Perception and Sensation: Key Concepts, Theories, and Models (Lecture Notes)

Sensation vs Perception: foundational distinctions

Perception is the interpretation and labeling of sensory input; sensation is the raw input that enters the senses. Willow Went (and colleagues) distinguished:
- Sensation: detecting raw input and bringing it into conscious awareness. In short, the sensing of external stimuli.
- Perception: the labeling, interpretation, and conscious experience that results from processing those sensations. It’s the act of making sense of what is sensed.
Quick takeaway: sensation = input; perception = interpretation of that input.

The senses: beyond the classical five

Common notion: there are five senses (sight, hearing, touch, taste, smell).
The lecture emphasizes that this is an oversimplification, not an exhaustive account of human sensing.
More senses exist and vision itself is multi-faceted:
- Vision comprises detection of color, light, contours, shapes, and other features by different receptors.
- Taste involves multiple receptors for different soluble molecules, not just one taste.
- Additional senses: pain, temperature, proprioception (body position), balance, time perception, etc.
A diagram (from a body-text type source) shows numerous senses, sometimes counted up to around 40 depending on how granular you define them.
Conceptual implication: perception integrates information across many modalities and features, not just a single, simplistic sense.

Perception vs sensation: core concepts and intuition

Perception is the labeling and interpretation process; sensation is the moment information enters the sensory systems.
Perception is a process; sensation is input.

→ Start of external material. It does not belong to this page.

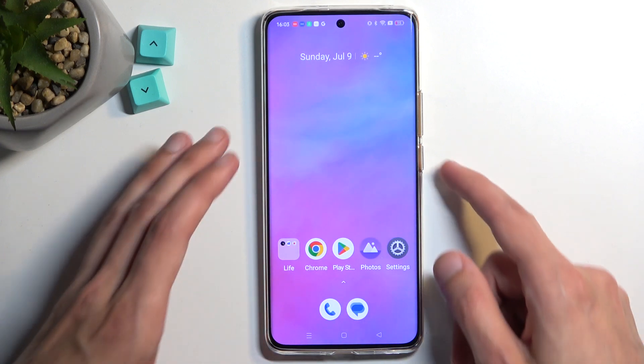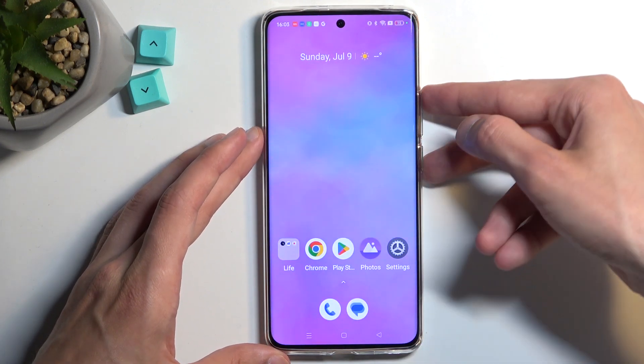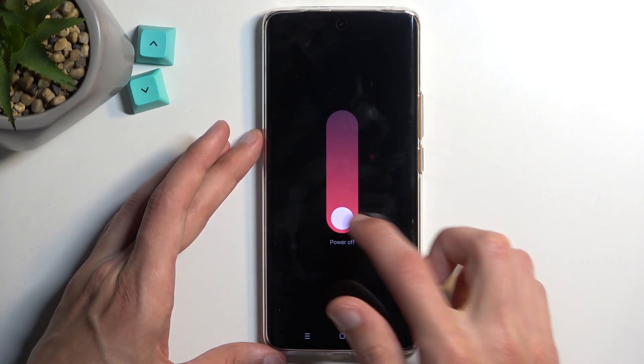To get started we'll need to turn it off by holding the power button and volume up. So power key and volume up. Swipe down to power it off, there we go.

Perception builds conscious experience by interpreting inputs.
Everyday perception is highly efficient and seamless, often occurring without conscious deliberation due to rapid processing and learned expectations.
Perceptual experience is typically imperfect; stimuli are rarely perfect representations of their real-world sources, yet our brains generate stable, meaningful interpretations.
Examples highlighted in the lecture:
- A rectangle on a screen is often perceived as a rectangle even if the projected shape is distorted by perspective, angle, or lighting.
- The retina can receive the same input from different shapes/orientations, yet we experience a consistent object identity due to perceptual inference.
- The same image can be interpreted as different objects depending on context and prior knowledge (e.g., chairs taken from different angles still read as a chair).
- Humans infer occluded features (glasses, pencils) even when parts are hidden, demonstrating perceptual completion.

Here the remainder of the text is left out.